Why can't the java.rmi.Naming check to see that rmiregistry is running?  There's probably some complex cases where you don't want this, or a security issue, but why not handle the simple case?  BTW, just like a ServerSocket, the client needs to know the host and port for the rmiregistry.  No big advantage to RMI here. (yes, once you have multiple RMI calls, it's simpler cause you need only assign one port, not many)
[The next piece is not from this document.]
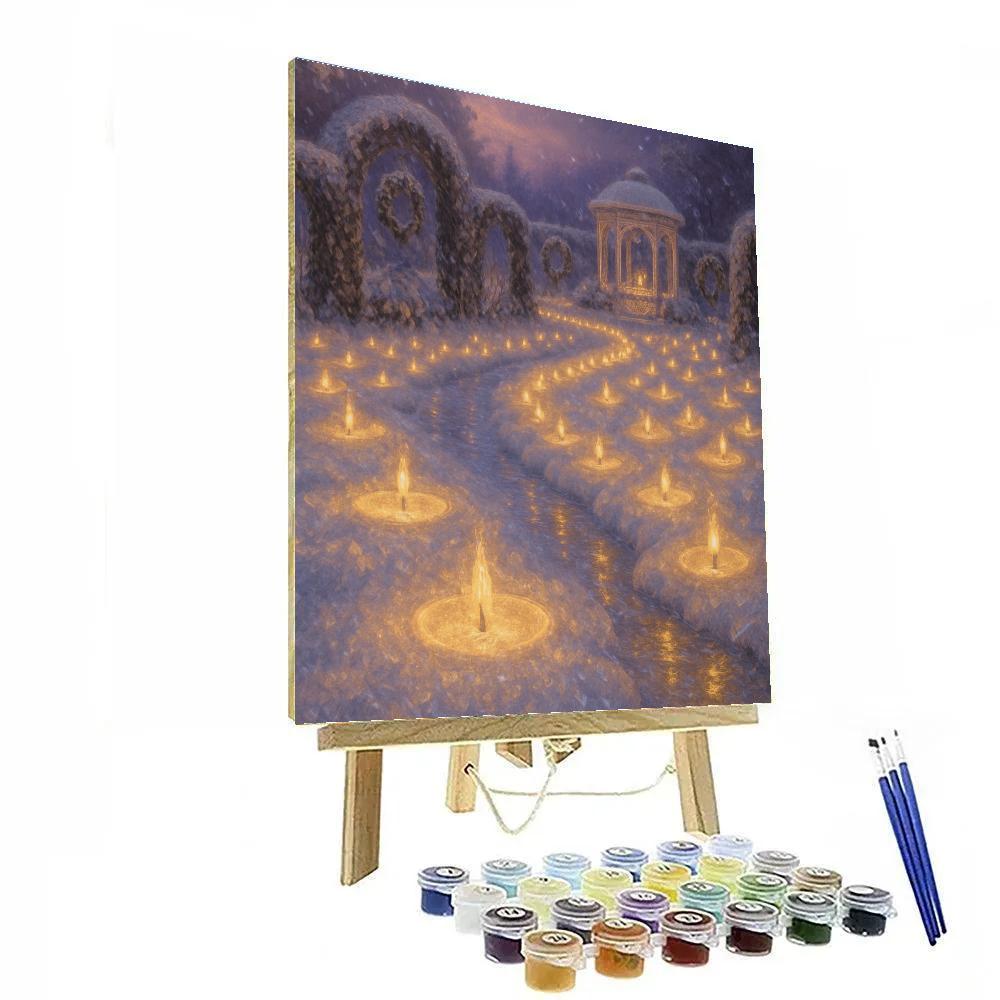 Festival Of Floating Candles In Snow Garden paint by number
There's a possible classpath issue on the server, where you may have to set java.rmi.server.codebaseWhy?  In my case the one interface that my client uses, MyInterface, has already been included and resolved in the code - it gets compiled!  Isn't the idea to code to an interface and try not to think about the implementations?  Sure, there's probably a good reason, but another hassle.

Much more tedious is the SecurityManager stuff.  In your main, you have to provide a SecurityManager. 

System.setSecurityManager(new RMISecurityManager());


 Why?  Why have security and force people to put in their own, especially when the code examples all grant AllPermissions?  Seems like saying "we have a lock, but you must replace it with an open door".  And, frankly, I never even got this to work.  Probably got some of the -Ds wrong in the runtime arguments.  Luckily, I found this RMI tutorial  where they override key security checks to do nothing.

System.setSecurityManager (new RMISecurityManager() {
public void checkConnect (String host, int port) {}
  public void checkConnect (String host, int port, Object context) {}
});


By doing this I got RMI to work.  But the security hassles seem designed to lead the user to provide no security, and, IMO, the whole RMI setup issue is a PITA.  Besides, RMI is so "2000".  If you Google "Java RMI sucks", you'll get a lot of hits.  This one was useful.

I next looked into REST, much more trendy and cutting edge, for which JavaEE 6 provides support.  It worked for me.  More in a later blog.